(Captioned web image data)
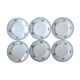 Set de 6 assiettes plates de Saint Amand années 50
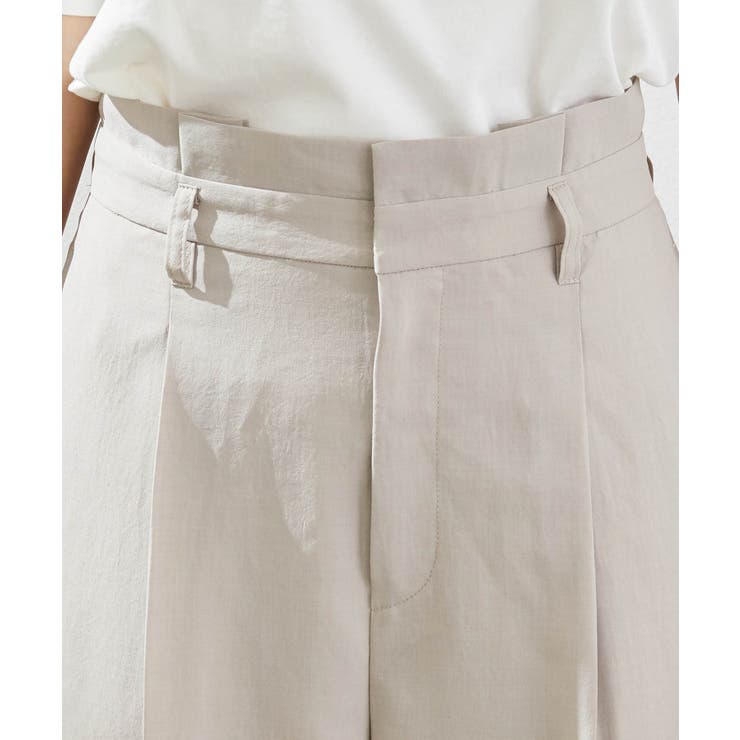 【セットアップ対応】麻調シアーワイドパンツ | ROPE' PICNIC | 詳細画像9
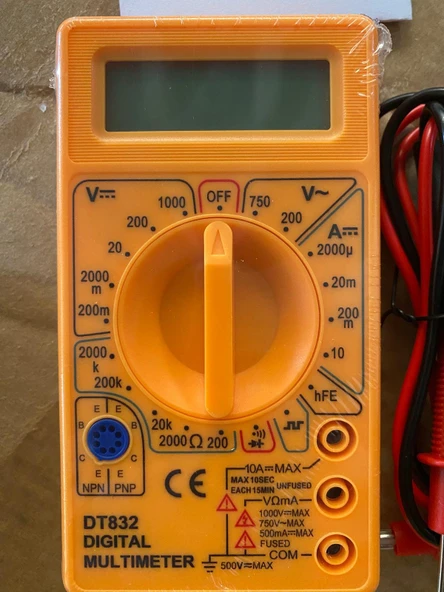 Digitalmetre Multimetre - Resim 3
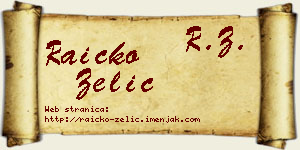 Raičko Zelić vizit kartica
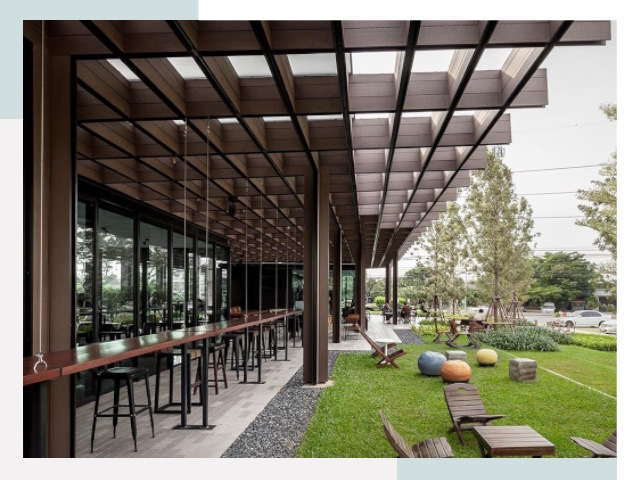 Летние веранды для кафе в Назарово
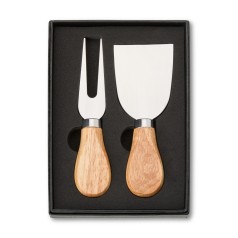 Kit Queijo 2 Peças com Logotipo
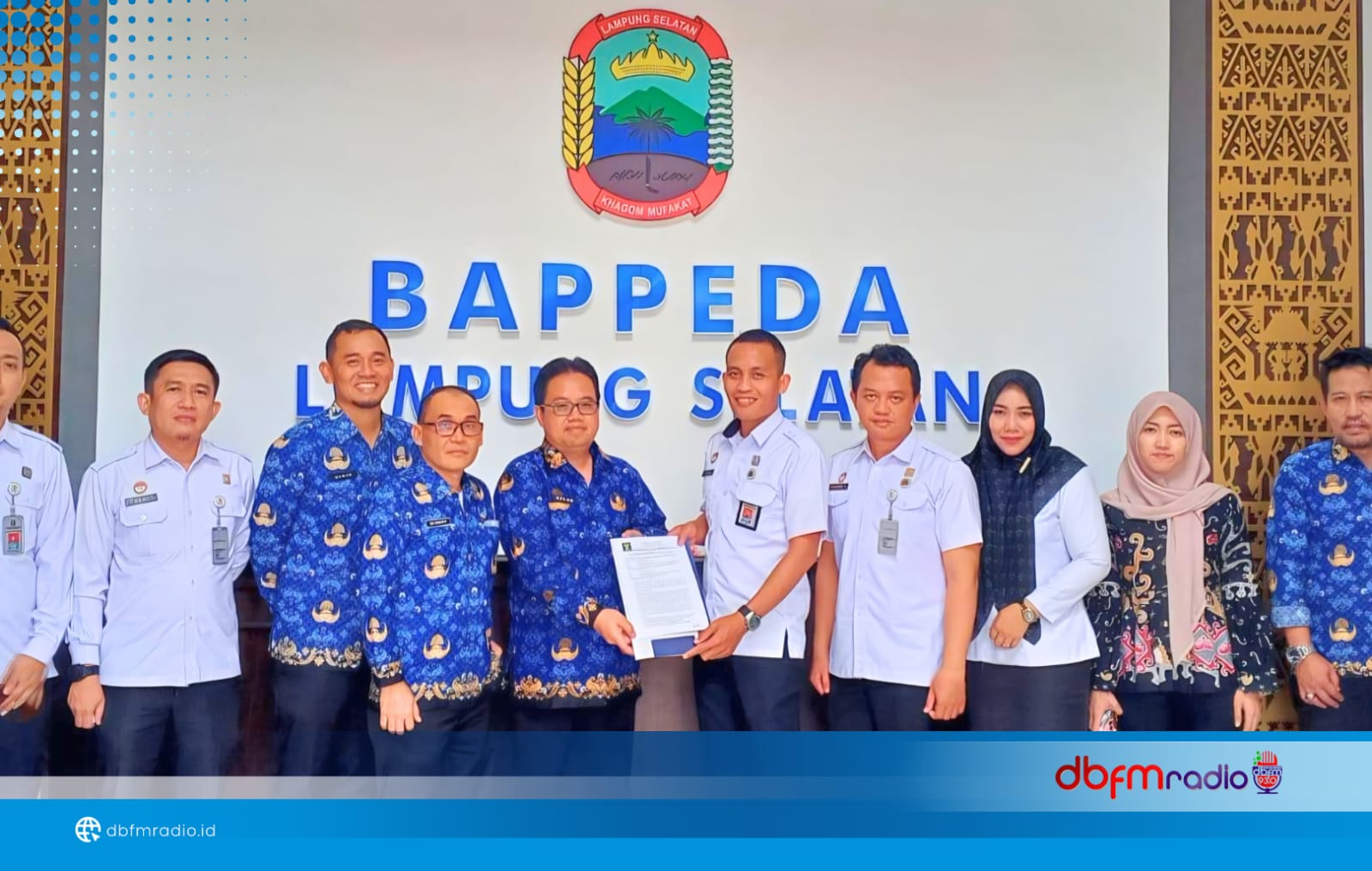 Kanwil Kemenkumham dan Pemkab Lampung Selatan Rampungkan Harmonisasi Raperda Penyerahan PSU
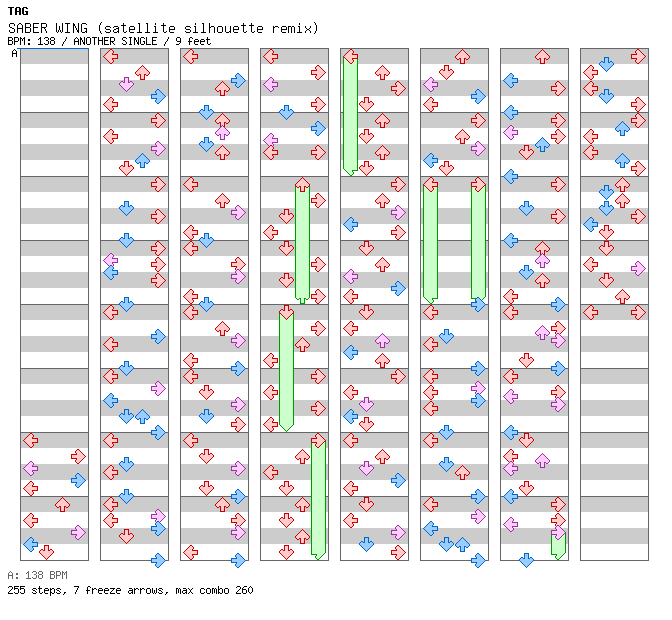 SABER WING (satellite silhouette remix) / 4 / ANOTHER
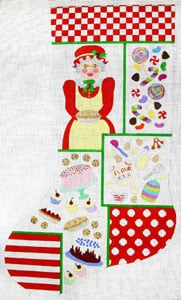 X-140B - Mrs. Claus Collage Stocking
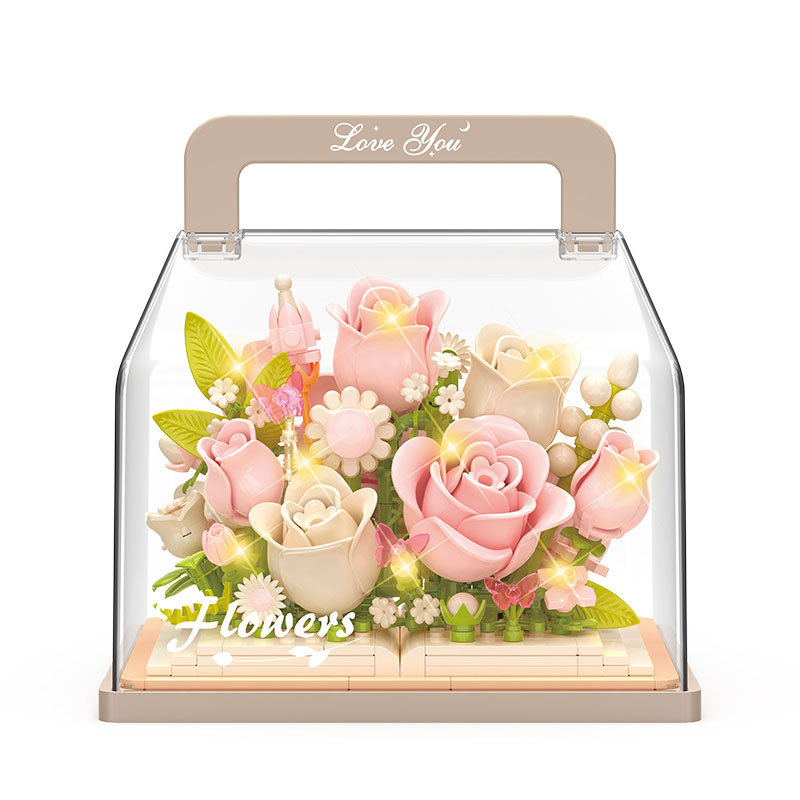 永遠の花植物シリーズ 組み立てブロックモデルキット 植物組み - Model Kit Chemistry のレビューと価格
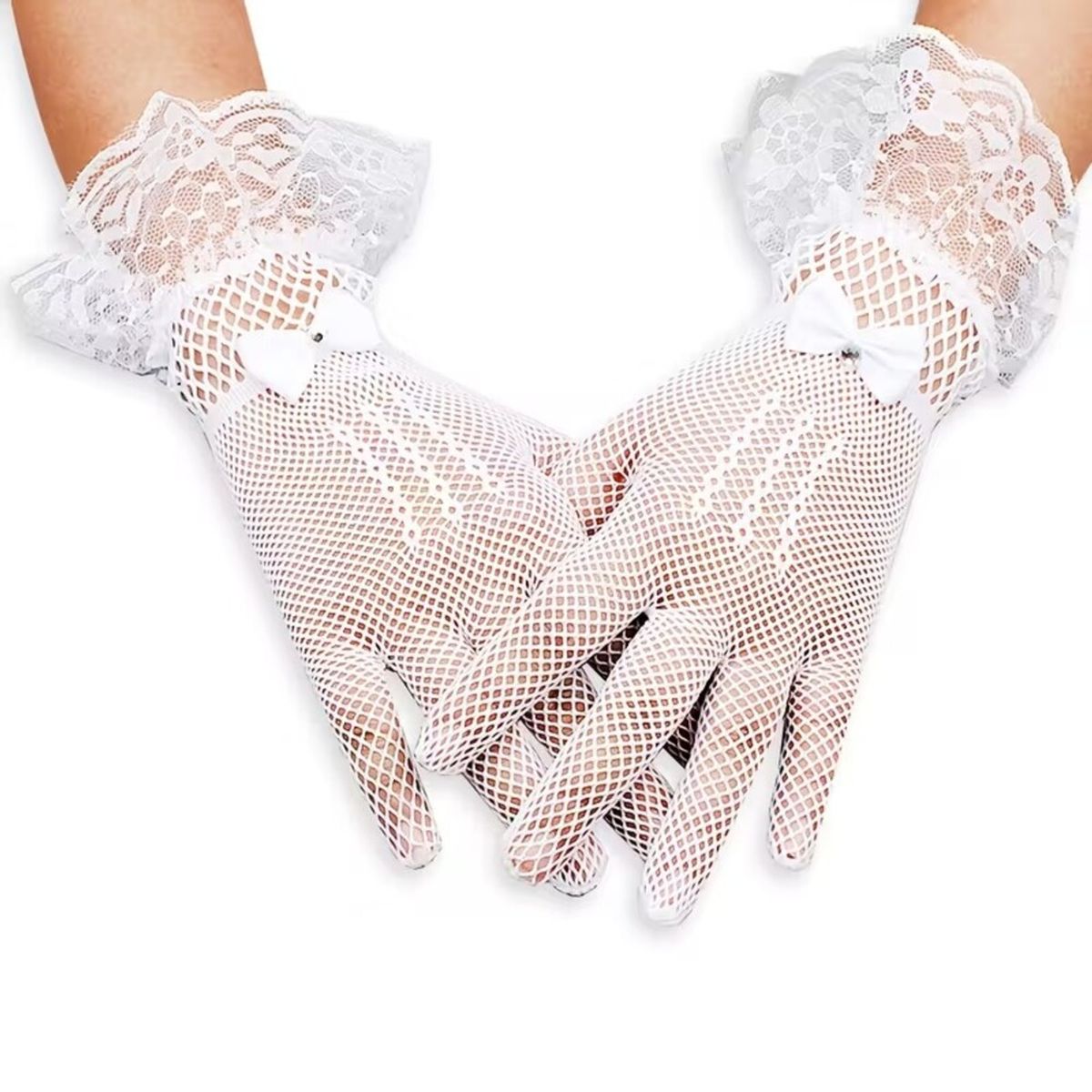 GENERICO - GUANTES BLANCO PARA NIÑA PRIMERA COMUNION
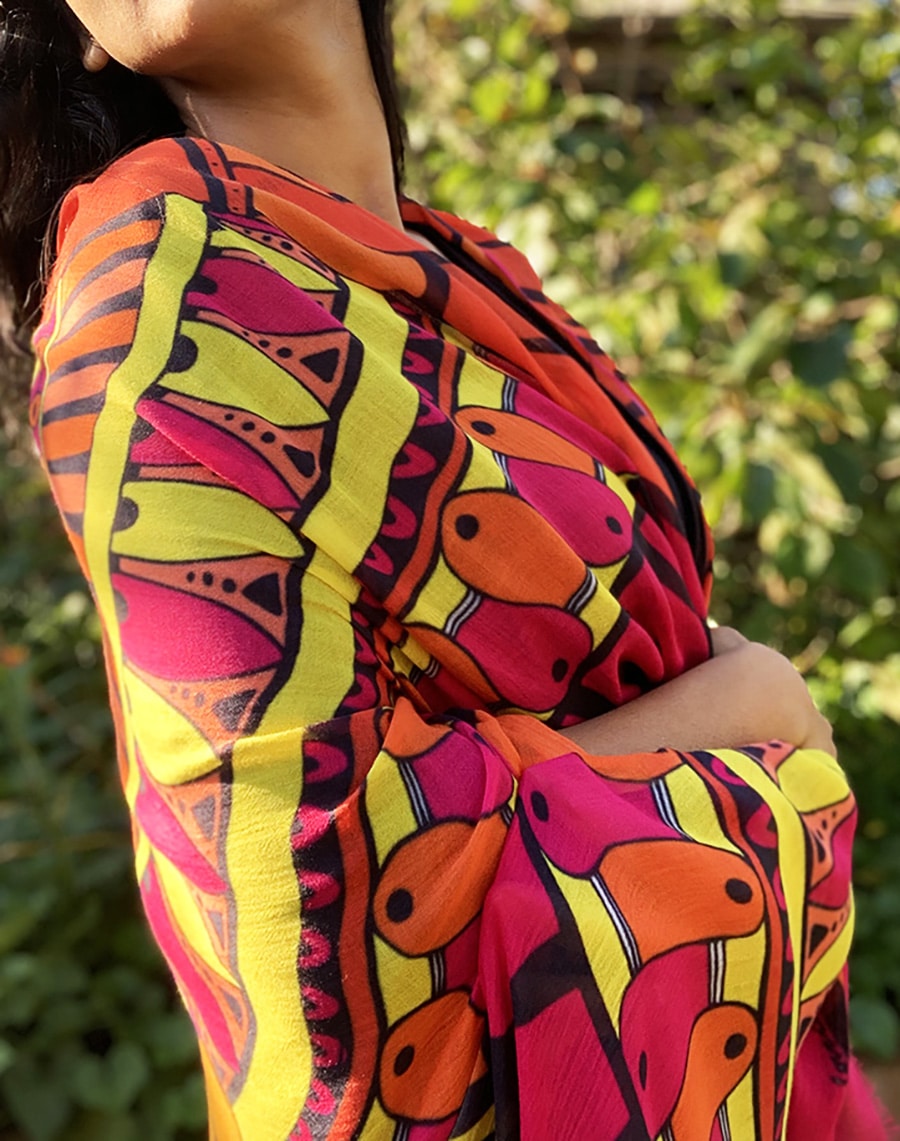 SCARF-I am Creative-pink-orange-yellow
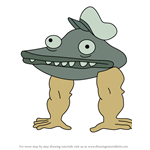 How to Draw Mr. Mussels from Fish Hooks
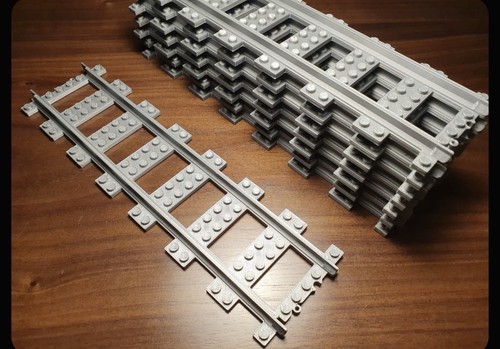 Lego train tracks grey - lego,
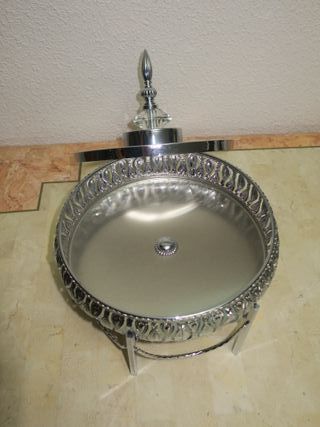 Bombonera marroquí de cristal y alpaca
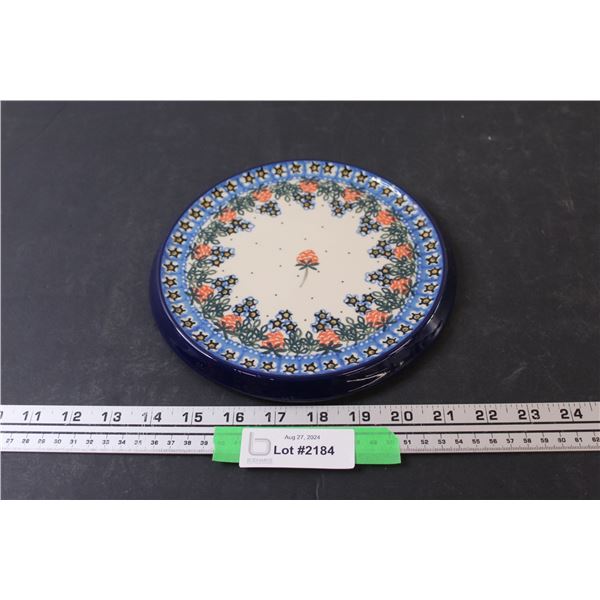 Cheese Plate - Made in Poland - 9" Diameter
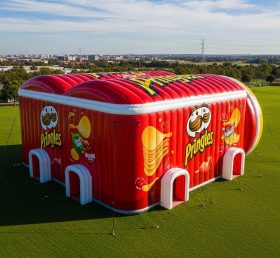 Tent1-6513 Tenda Inflável Vermelha Pringles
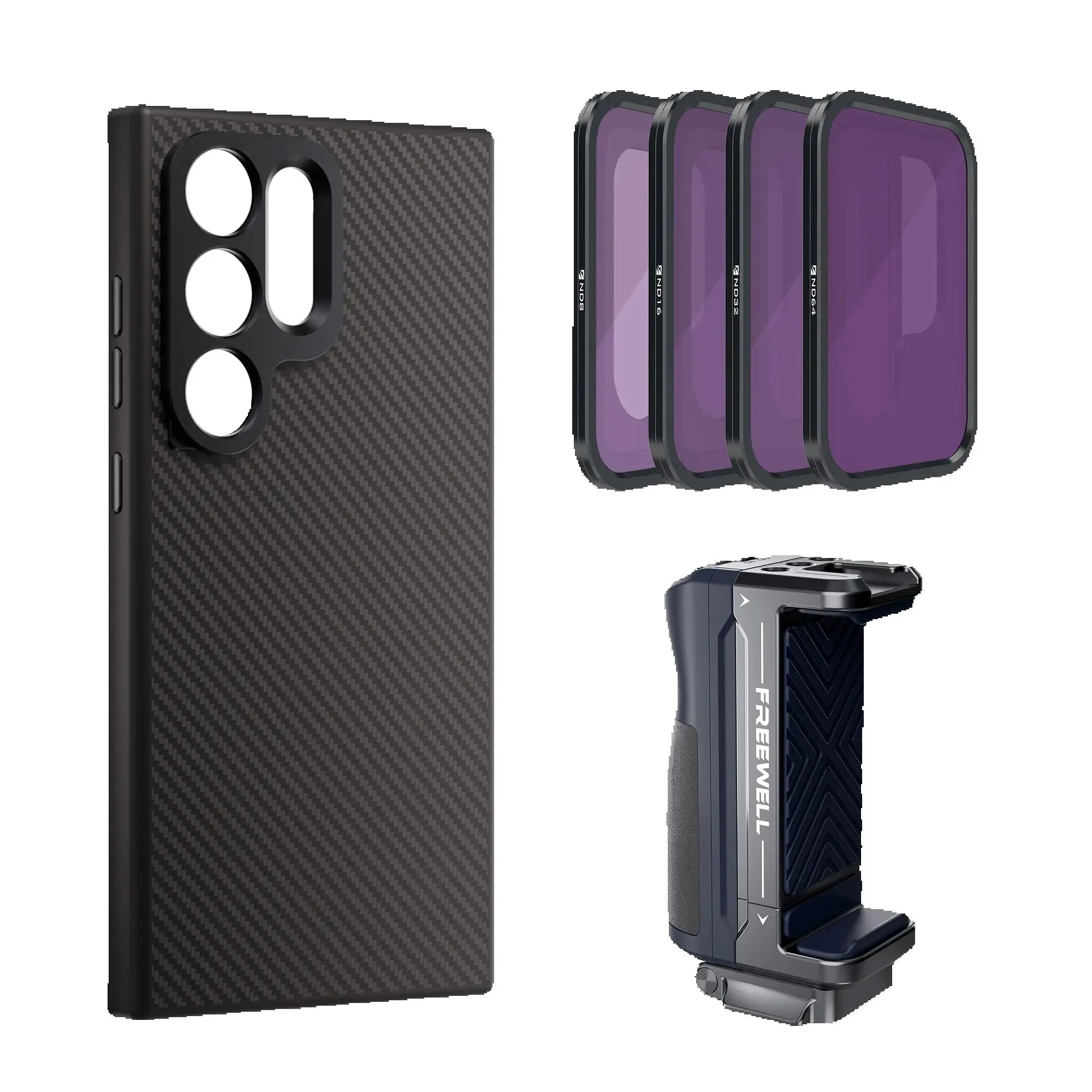 Freewell Starter Kit 4 حزمة ND Filter 17 مللي متر جبل جراب هاتف وعصا سيلفي لسامسونج S23/S24/S25 الترا التصوير الملحقات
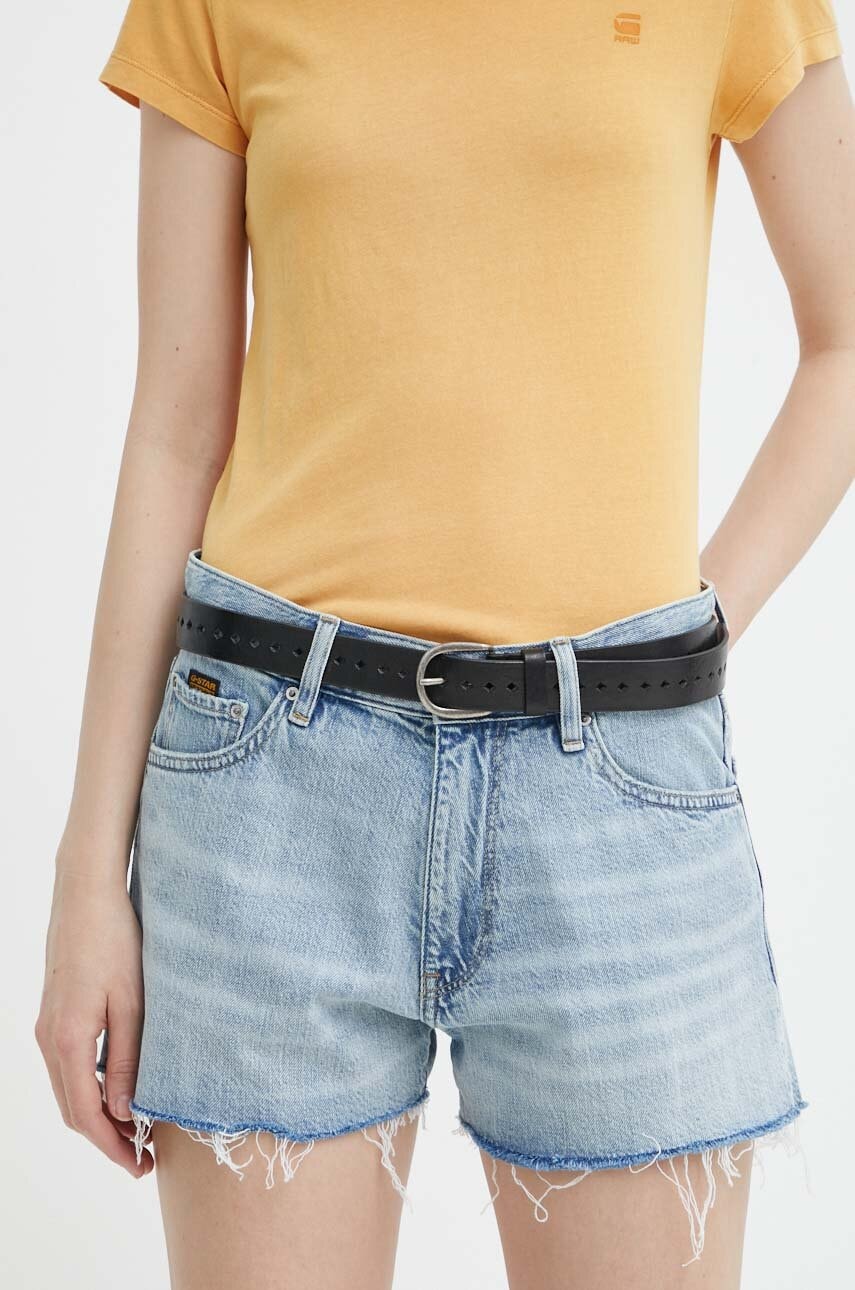 G-Star pantaloni scurți jeans femei, uni, high waist - 0 | YEO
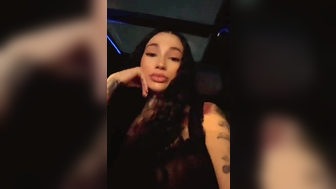 bhad bhabie nude nipples flash wearing seethrough leaked video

■ TASK TO CARRY OUT ■
The answer is the entries above, given again exactly, with no pictures among them.

■ RESULT OF THIS EXERCISE ■
 Set de 6 assiettes plates de Saint Amand années 50
 【セットアップ対応】麻調シアーワイドパンツ | ROPE' PICNIC | 詳細画像9
 Digitalmetre Multimetre - Resim 3
 Raičko Zelić vizit kartica
 Летние веранды для кафе в Назарово
 Kit Queijo 2 Peças com Logotipo
 Kanwil Kemenkumham dan Pemkab Lampung Selatan Rampungkan Harmonisasi Raperda Penyerahan PSU
 SABER WING (satellite silhouette remix) / 4 / ANOTHER
 X-140B - Mrs. Claus Collage Stocking
 永遠の花植物シリーズ 組み立てブロックモデルキット 植物組み - Model Kit Chemistry のレビューと価格
 GENERICO - GUANTES BLANCO PARA NIÑA PRIMERA COMUNION
 SCARF-I am Creative-pink-orange-yellow
 How to Draw Mr. Mussels from Fish Hooks
 Lego train tracks grey - lego,
 Bombonera marroquí de cristal y alpaca
 Cheese Plate - Made in Poland - 9" Diameter
 Tent1-6513 Tenda Inflável Vermelha Pringles
 Freewell Starter Kit 4 حزمة ND Filter 17 مللي متر جبل جراب هاتف وعصا سيلفي لسامسونج S23/S24/S25 الترا التصوير الملحقات
 G-Star pantaloni scurți jeans femei, uni, high waist - 0 | YEO
 bhad bhabie nude nipples flash wearing seethrough leaked video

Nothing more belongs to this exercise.